#### [WHAT TO DO]
In the material below, find the line containing "Miss Selfridge 90's neck bodysuit in green" and output it and all lines after it exactly, through the last one, without the pictures.
++++ INPUT ++++
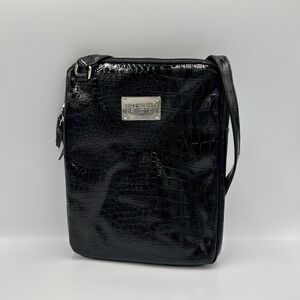 Kenneth Cole Reaction Crossbody‎ Purse Patent Faux Croc Shiny Black Classic
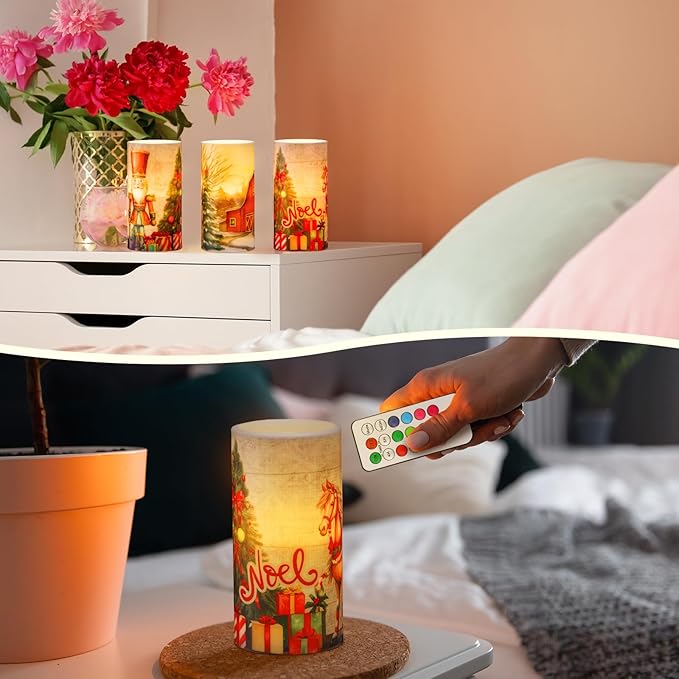 Retisee 3 Pcs Retro Rustic Christmas Flameless Candles with Remote Vintage Christmas Battery Operated LED Candle Retro Nostalgic Xmas Decor for Rustic Xmas Holiday Dining Table Bedroom Living Room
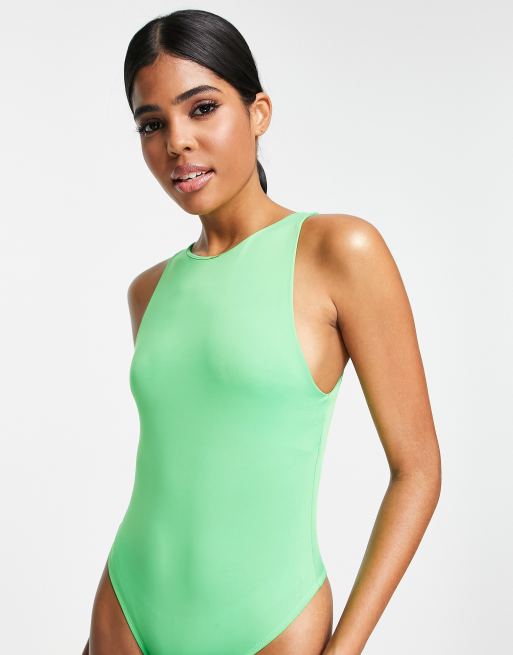 Miss Selfridge 90's neck bodysuit in green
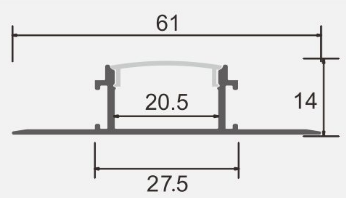 Technical drawing of a metal profile with dimensions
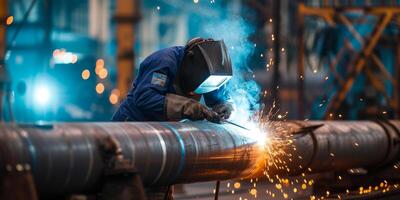 a welder with a shield welds a pipe photo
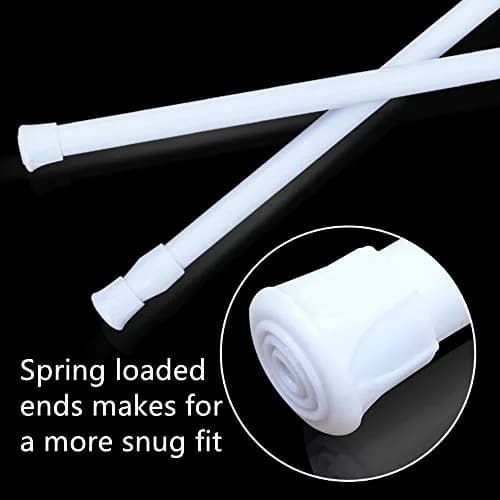 qinnsou Spring Tension Curtain Rod 4 Pack 60-110cm (23.6-43.3 Inches) | Rust-Proof Metal for Bathrooms & Closets thumbnail 7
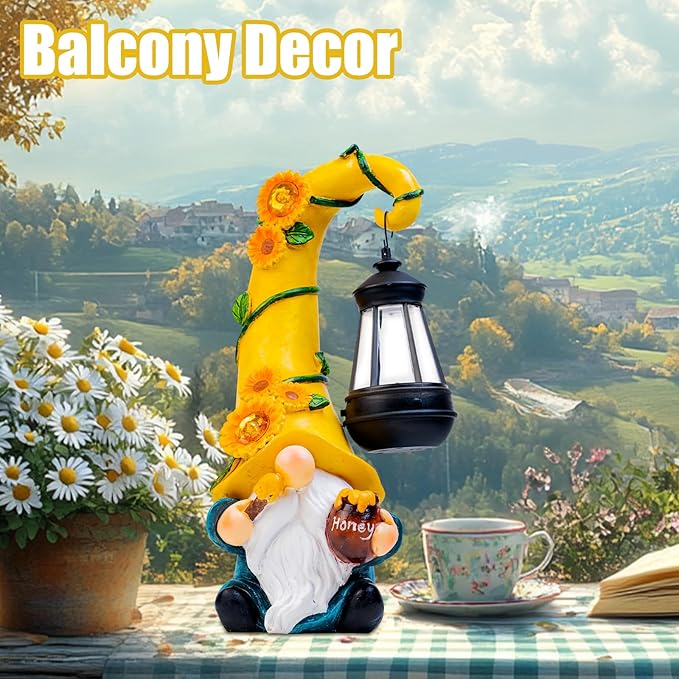 Solar Sunflower Gnome Garden Statue with LED Lantern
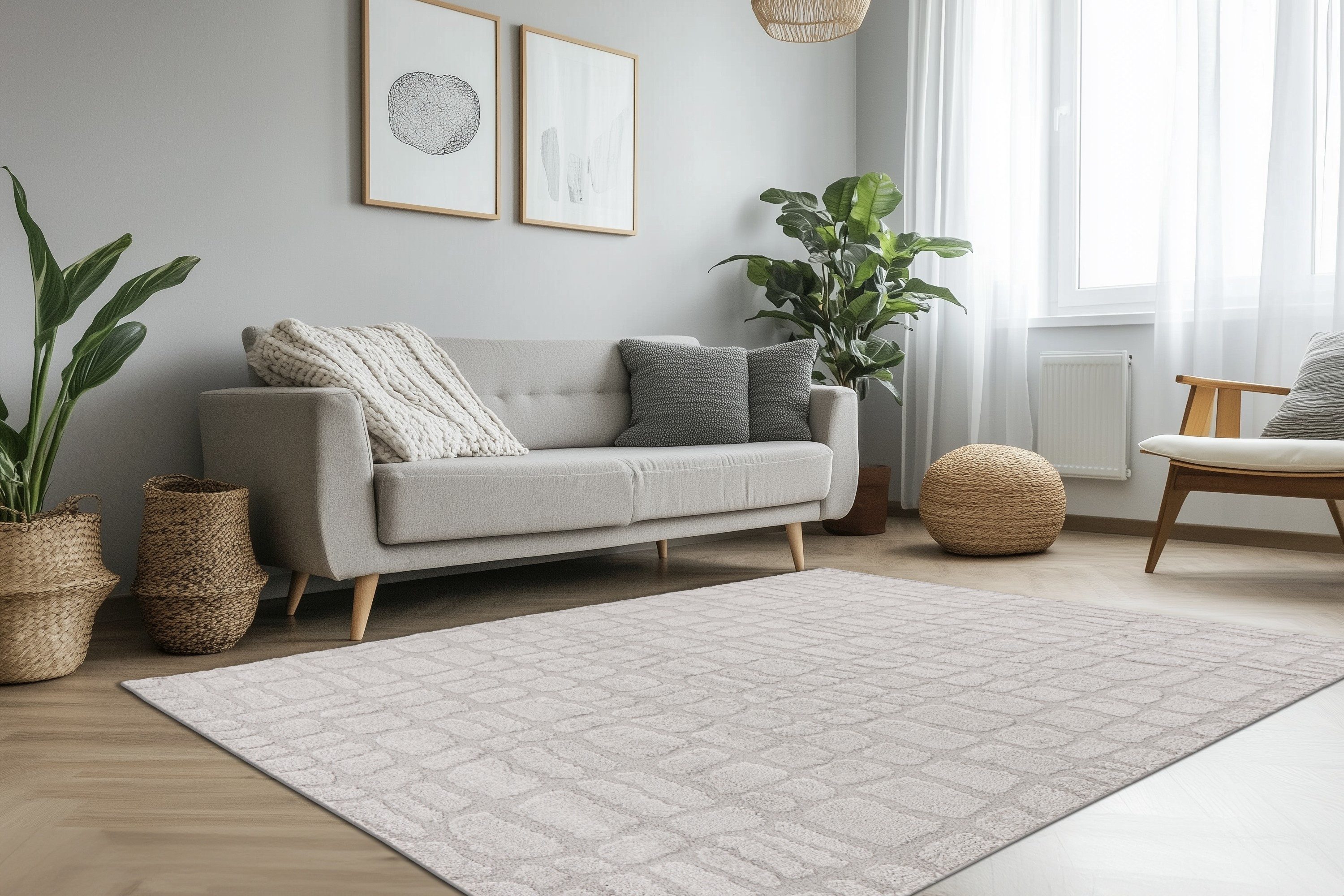 Kayoom Teppich Angel 125, rechteckig, Höhe: 20 mm, weicher Kurzflor, Wohnzimmer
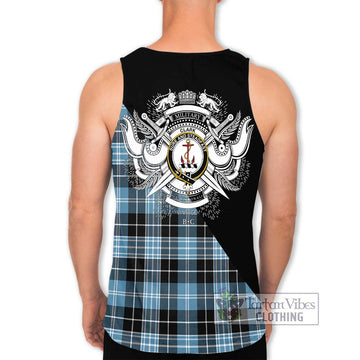 Clark Ancient Tartan Men's Tank Top with Family Crest and Military Logo Style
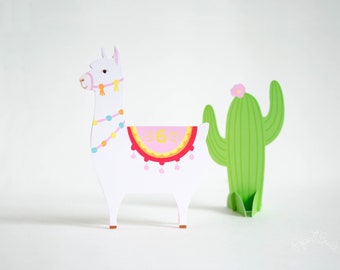 Llama Birthday Party Invitation, Llama Invite, Alpaca Birthday, Cactus Shower, Fiesta, Die Cut Invite, Llama Theme, Llama Party Idea, Lamma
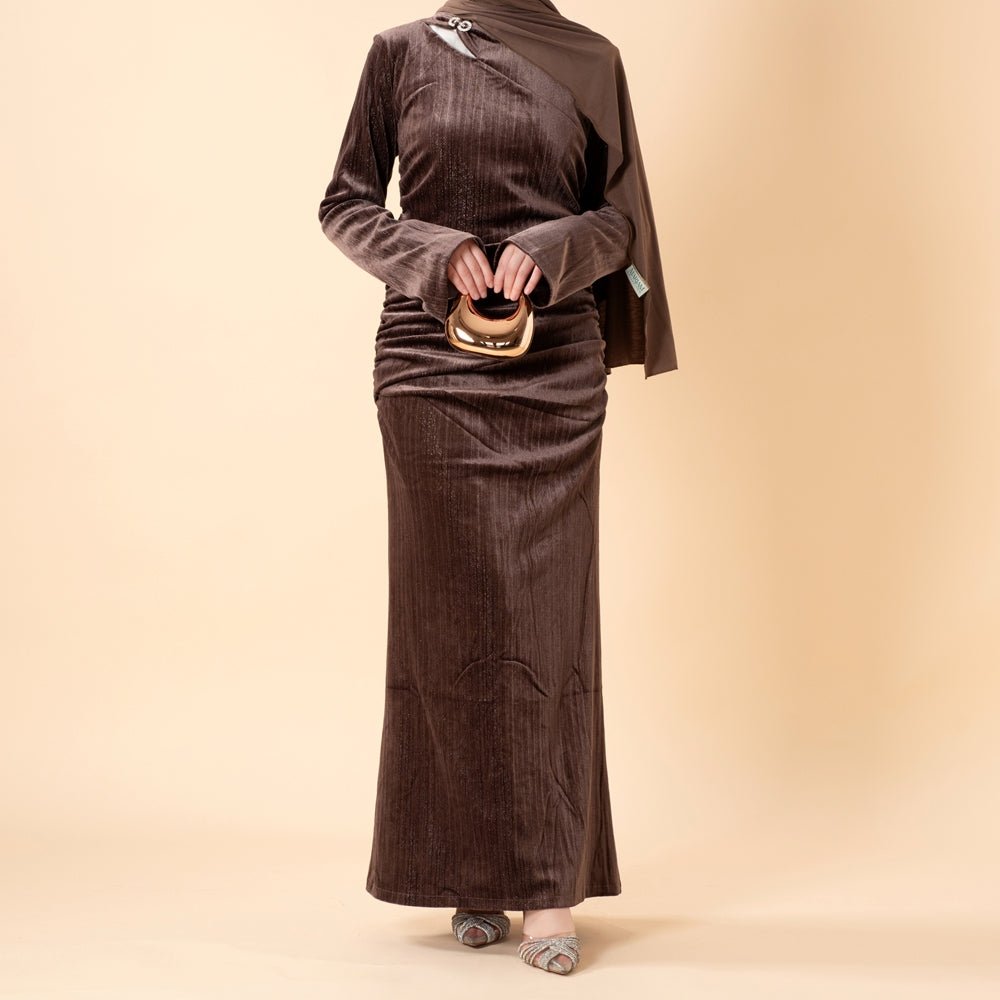 Shimmer Velvet Ruched Mermaid Gown(MA358) - Mariam's Collection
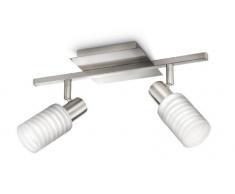 Philips myLiving Kauri - Barra de focos, 2 luces, metal, 12 W, 220 V, E14, color gris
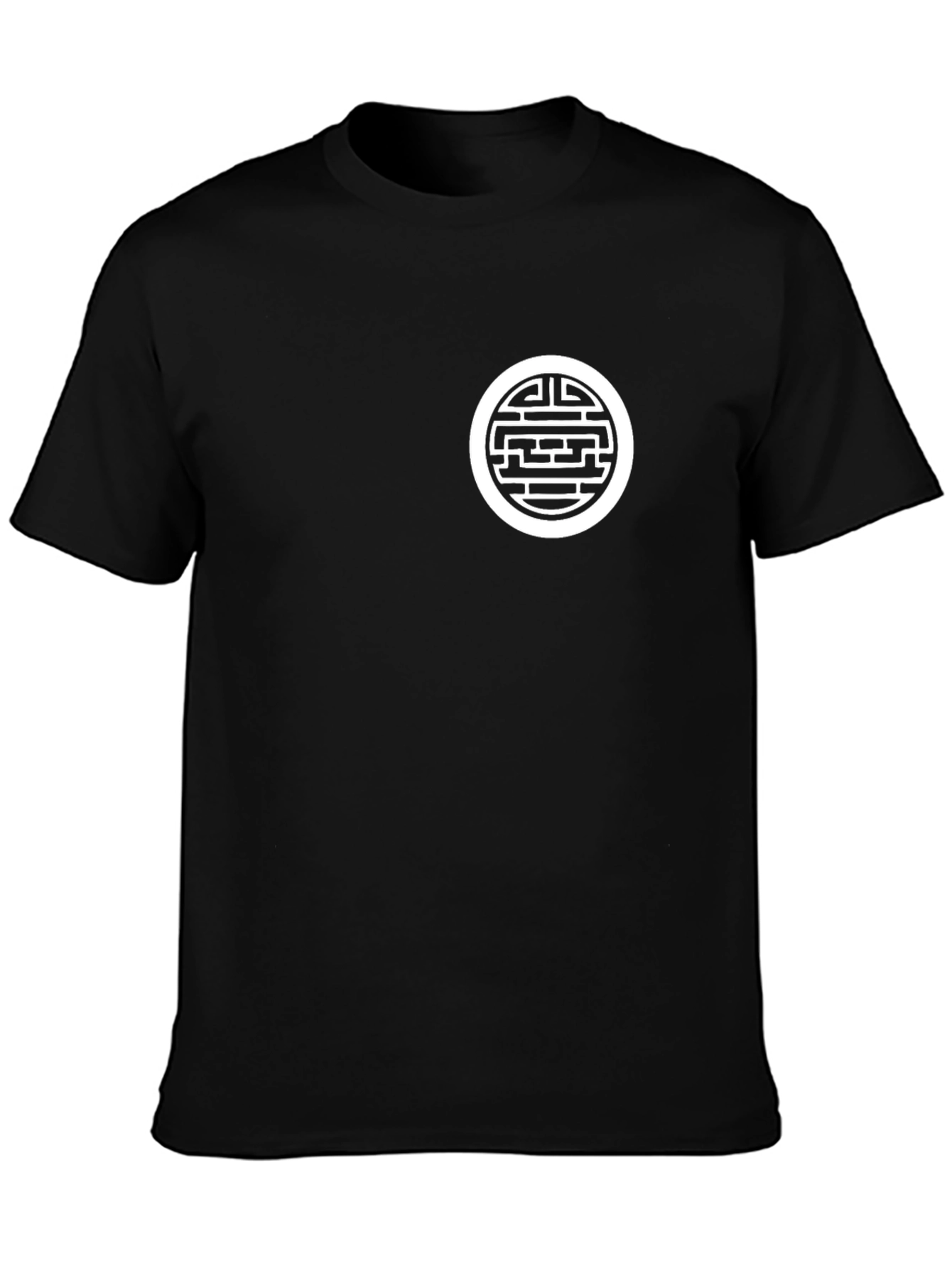 Mens Black T-Shirt with Circular Maze Design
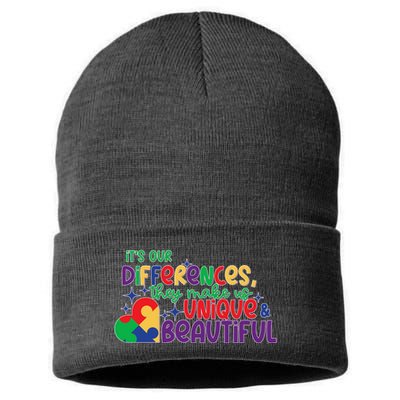 Its Our Differences They Make Us Unique And Beautiful Sustainable Knit Beanie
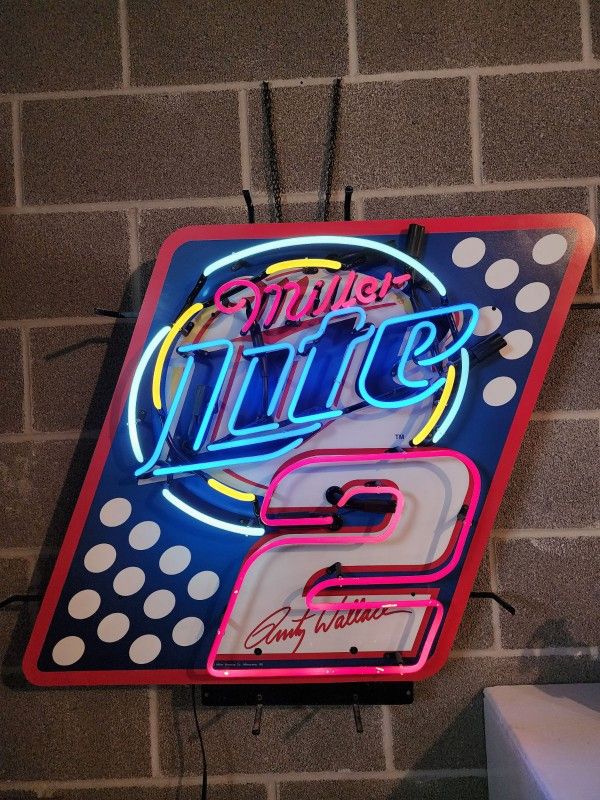 Miller Lite Rusty Wallace #2 Neon Sign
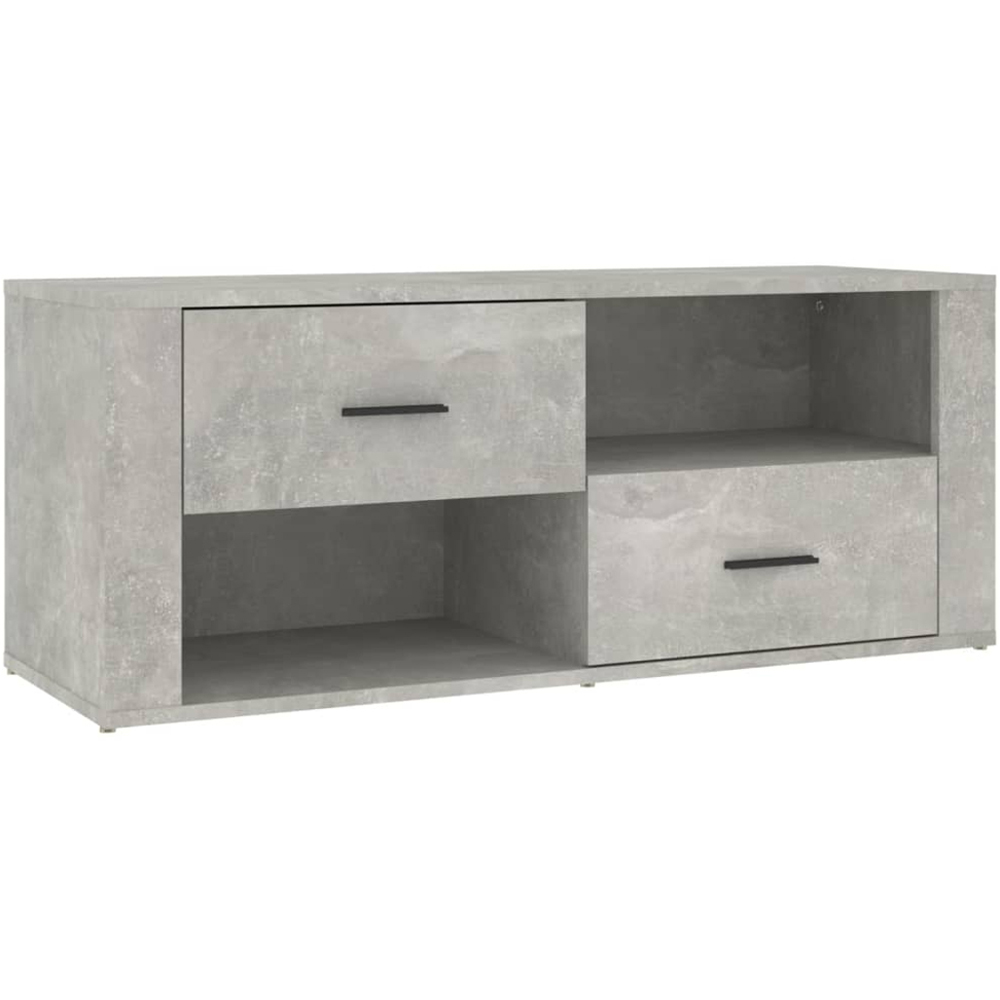 vidaXL 2 Drawer 2 Shelf Concrete Grey TV Cabinet Image 2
++++
#### [EXERCISE RESULT]
 Miss Selfridge 90's neck bodysuit in green
 Technical drawing of a metal profile with dimensions
 a welder with a shield welds a pipe photo
 qinnsou Spring Tension Curtain Rod 4 Pack 60-110cm (23.6-43.3 Inches) | Rust-Proof Metal for Bathrooms & Closets thumbnail 7
 Solar Sunflower Gnome Garden Statue with LED Lantern
 Kayoom Teppich Angel 125, rechteckig, Höhe: 20 mm, weicher Kurzflor, Wohnzimmer
 Clark Ancient Tartan Men's Tank Top with Family Crest and Military Logo Style
 Llama Birthday Party Invitation, Llama Invite, Alpaca Birthday, Cactus Shower, Fiesta, Die Cut Invite, Llama Theme, Llama Party Idea, Lamma
 Shimmer Velvet Ruched Mermaid Gown(MA358) - Mariam's Collection
 Philips myLiving Kauri - Barra de focos, 2 luces, metal, 12 W, 220 V, E14, color gris
 Mens Black T-Shirt with Circular Maze Design
 Its Our Differences They Make Us Unique And Beautiful Sustainable Knit Beanie
 Miller Lite Rusty Wallace #2 Neon Sign
 vidaXL 2 Drawer 2 Shelf Concrete Grey TV Cabinet Image 2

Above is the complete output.